I believe that what constitutes our identity as individuals is complex and multifaceted. Therefore, we cannot and should not reduce ourselves to short succinct labels. Juggling the multiplicity of my identity labels has made me ponder their significance, and how we seek to simplify, consolidate, and package ourselves as understandable and palatable human beings. Yet, while they prove helpful in giving self-introductions and elevator pitches, there is a danger in seeing them as all-encompassing end-points in themselves. It becomes easy to generalise all individuals who identify with the same label – blanketing them with the same traits and qualities – diminishing individuals to stereotypical figures, which is what gives rise to caricatures and prejudiced discrimination to begin with.

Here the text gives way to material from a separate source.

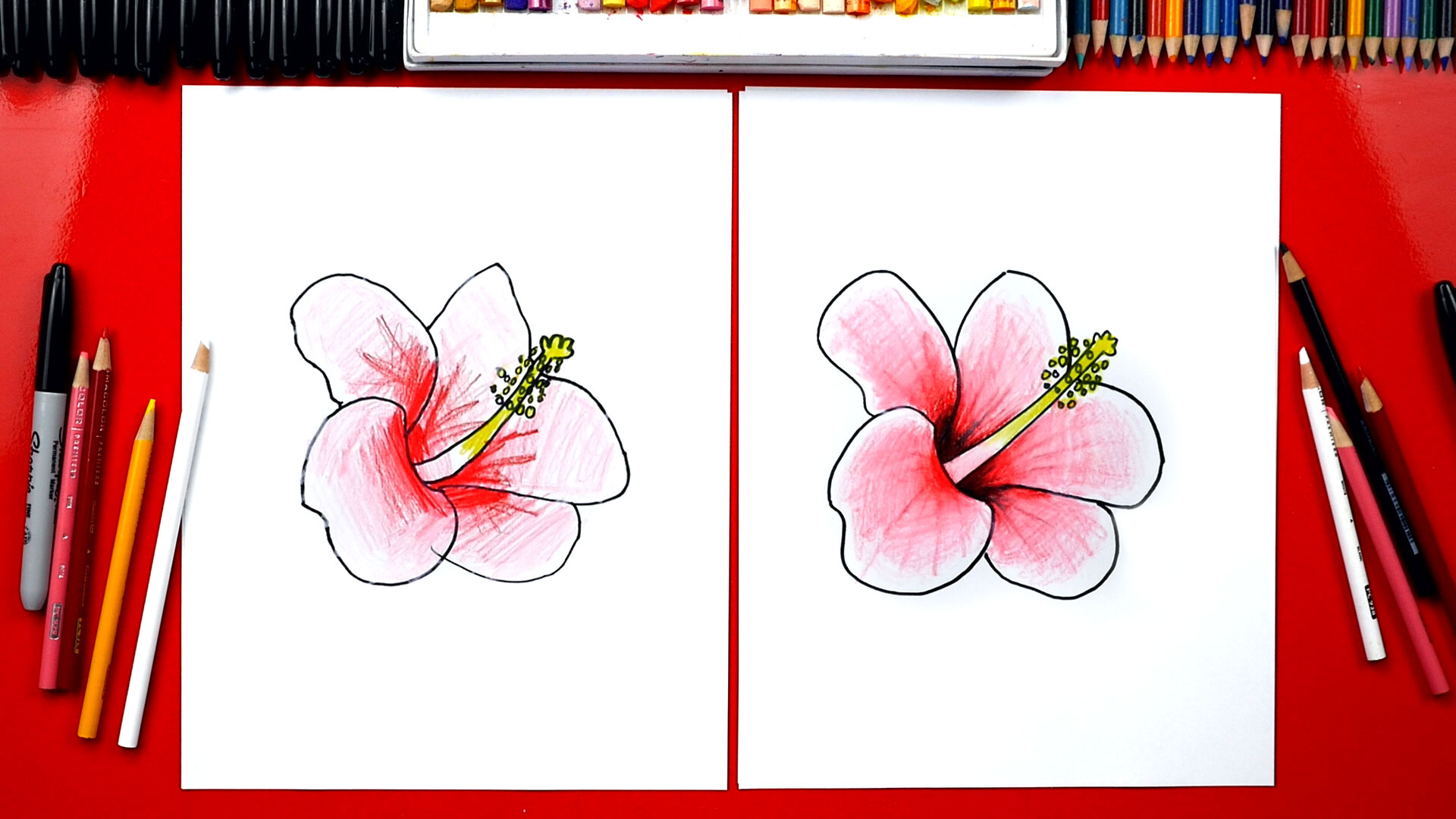 Hand Drawn Hibiscus Flower High-Res Vector Graphic - Getty Images-saigonsouth.com.vn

That being said, it’s impossible (and unideal anyway) to do away with labels altogether, on the other extreme. Having the vocabulary to express ourselves allows us to find our tribe of like-minded people, who have an established understanding of the topic, allowing the basis for engaging in two-way conversations that do not require re-definitions all the time. This is the refreshing satisfaction that I get from discussing sociolinguistic issues with fellow linguistics students, where I might not be familiar with the specifics of a case study, but with whom I share enough basic knowledge with – meaning that it is not required for us to define labels every two seconds.

Self-referent identity labels – like that of being a student of linguistics – enable us to capture the essence of an aspect of our identity, and point us towards membership of a shared group. To be able to say I am a (one, 1) Singaporean, implies that there are others, and that we all inhabit a shared circle of common traits or cultural experiences. At the same time, knowing the labels we use for ourselves also helps others perceive us more accurately – my friends’ knowledge that I’m an introvert who loves peace and quiet probably makes them less likely to ask me to a crowded and noisy event, aiding them in their planning and suggestions on what we could do.

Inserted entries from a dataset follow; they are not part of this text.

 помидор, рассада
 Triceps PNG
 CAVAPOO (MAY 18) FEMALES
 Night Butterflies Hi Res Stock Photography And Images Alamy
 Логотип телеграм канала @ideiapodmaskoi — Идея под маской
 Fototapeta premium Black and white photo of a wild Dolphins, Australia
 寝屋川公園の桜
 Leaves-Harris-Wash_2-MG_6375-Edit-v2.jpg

The importance, therefore, lies in balancing the convenience of labels and capitalising on them simultaneously, without falling into the trap of overgeneralising. Labels, to me, are a starting point to forming a deeper understanding of the world and others. It is through conversations and learning about others’ lived experiences that enhances our understanding of how there might be different definitions to the same label, when held by different individuals. For example, the label “dancer” could evoke notions of someone extremely skilled at their niche craft, who has been dancing since a young age, and who has likely mastered that genre of dance to a large degree. However, to someone else, being a “dancer” could entail a set of attitudes such as an openness towards improving their bodily awareness and a desire to explore physical movements, without as much emphasis on skill level or dedication to a single dance genre compared to personal discovery and development. Yet, both lines of thought regarding a “dancer” follow a common understanding that this person appreciates and practises the physical art that involves movement of the body in a rhythmic, musical manner. While acknowledging our shared commonalities, we should not hold onto labels like dichotomous black-or-white categories. You needn’t be either a (professional/amateur) “dancer” or a “non-dancer”, you could be somewhere in between, casually exploring dance forms without a deep understanding or impeccable grasp of dance. To me, the beauty of humanity lies in our unique subjectivities, where no one is identical to another.

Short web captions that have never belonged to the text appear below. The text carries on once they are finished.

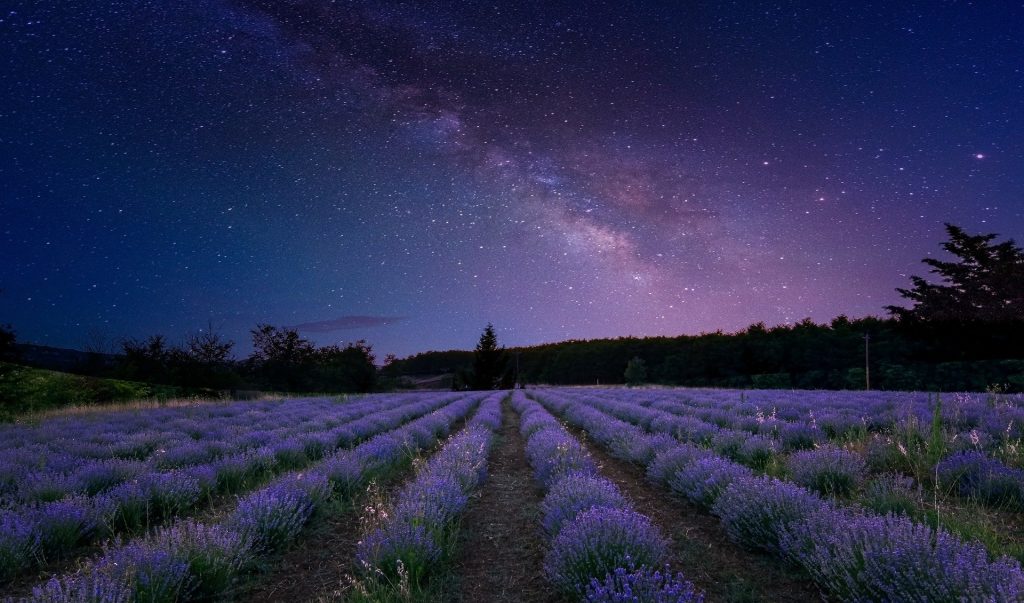 The Milky Way over lavender fields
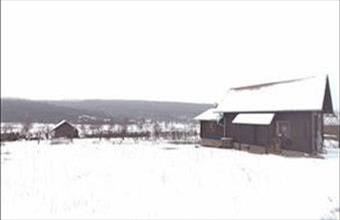 Eladó Alsópetényi hétvégi ház hirdetés (35754218)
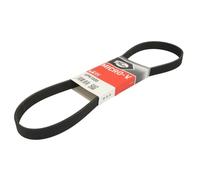 Correa poly V GATES 6PK1000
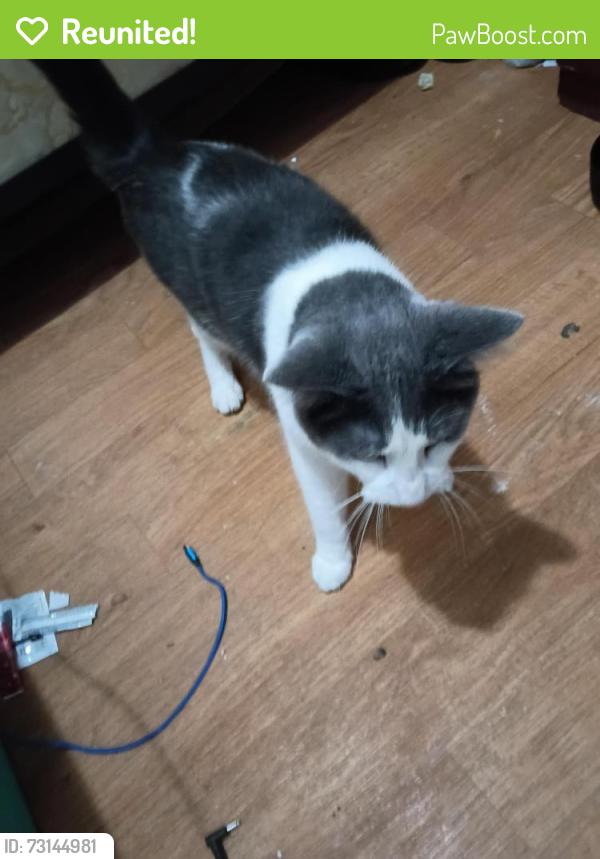 Reunited Male Cat last seen York Ave & mendota Street, Saint Paul, MN 55106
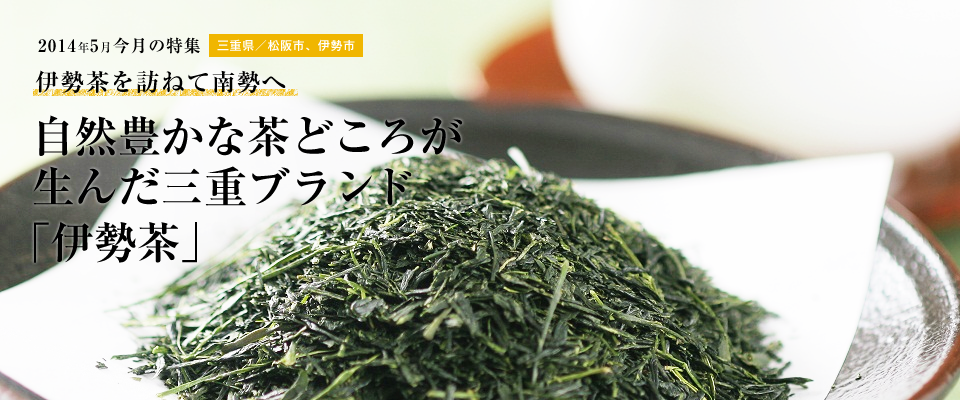 自然豊かな茶どころが生んだ 三重ブランド「伊勢茶」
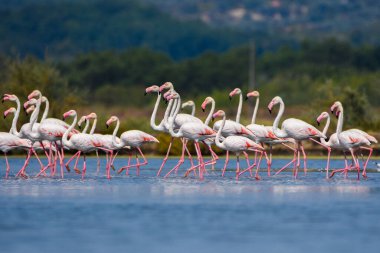 Karadağ 'da terk edilmiş bir tuz tenceresinde fotoğraf çeken bir flamingo sürüsü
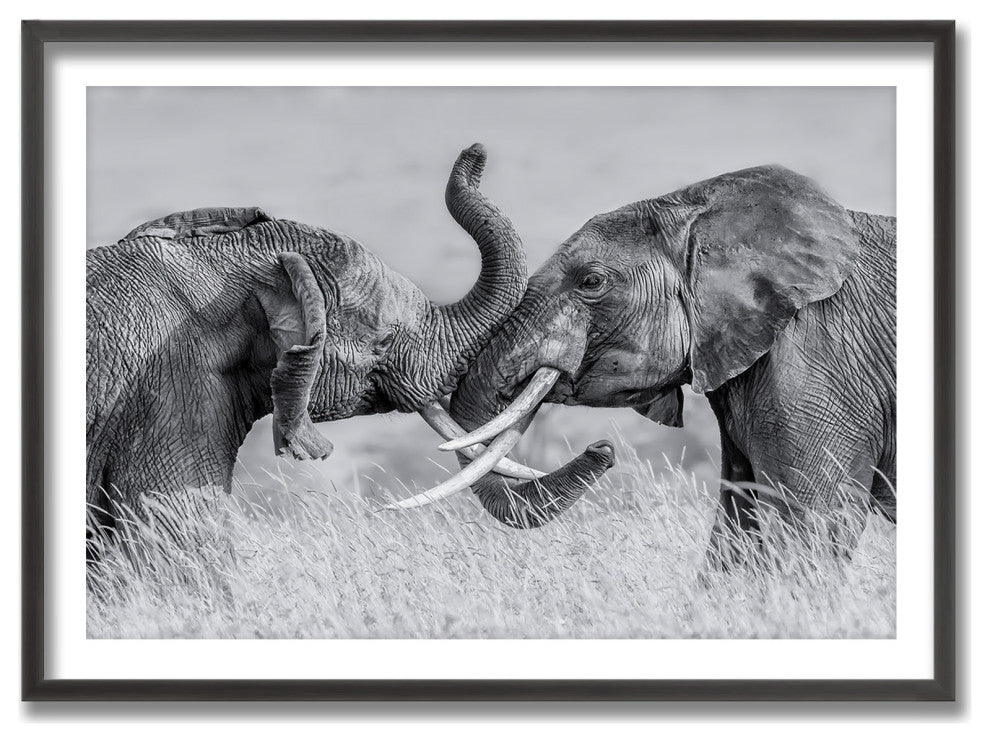 Elephant Tai Chi Framed Print Wall Art by Jun Zuo, 36"x24", Framed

So let me tell you more about myself: I am a huge nerd for analysing things – factual, fictional, formal and informal texts, or optimising resources for maximum efficiency, yet I can’t bring myself to manage my finances and investments; I am a lover of cafe study dates and chill-yet-productive vibes; I am a hater of exercise – but will tolerate physical exertion for scenic views; I have a very limited social battery – but I’m invigorated by selective meaningful social connections. One-word labels alone can’t define me, but are a good resource for me to springboard for me to explore what it means to be me, beyond identity labels.